This is essentially the situation we are in. However, the reason that CDOs are being forced to be valued so low is that the companies that hold them are public companies and investors are demanding that those assets be valued. There is no market in the CDOs because no one wants to touch them. But the truth is that no one knows what they are worth and no one knows how to value them. And the reason they are difficult to value is because they are debt obligations and the only way to know their true value is for them to play out and see which debts get paid back and which don't. Even the most scientific method of valuing debt obligations will not come close to what they truly will be worth when all is said and done.

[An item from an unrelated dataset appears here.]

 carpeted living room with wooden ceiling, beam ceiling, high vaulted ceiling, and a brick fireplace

Is anybody who is reading this wondering one key question - IF WE DO NOT KNOW HOW TO VALUE CDOs AND WHAT THEY ARE COMPOSED OF, WHY ARE FINANCIAL COMPANIES IN SUCH DIRE STRAITS? Well that question points to how messed up the entire situation is. It really is a combination of fear factor, overdramatization by the media, and those two factors forcing the value of CDOs be marked to market. In plain English it means that CDOs are difficult to value and investors got worried and labeled them as tainted. The public markets demanded to know their value and since no one was willing to buy them, they booked their value at close to zero.

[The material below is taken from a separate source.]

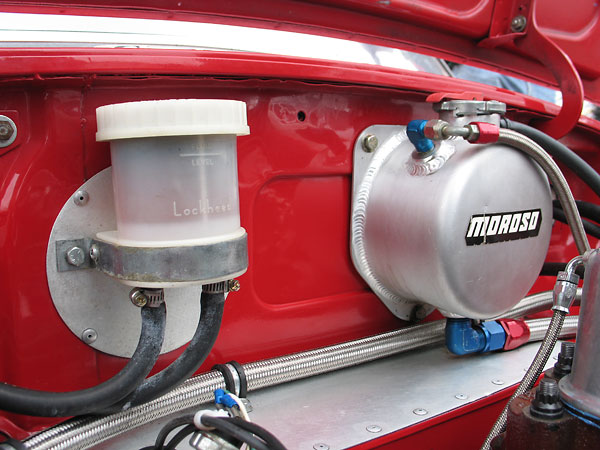 Lockheed brake fluid reservoir and Moroso cooling system expansion tank.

If you look on TV in the days and weeks forthcoming you will undoubtedly hear people saying that CDOs will turn out to be good investments and that buyers of CDOs will make out like bandits. If that is true, why the hell did we force them to be valued at zero?
And if the government bailout occurs, what will happen is that a floor for the value of those CDOs will be set and then private equity and other buyers will come in and start buying them. And to make matters worse I suspect that even banks and investment banks will get back into the trading of those very CDOs that brought them to their knees!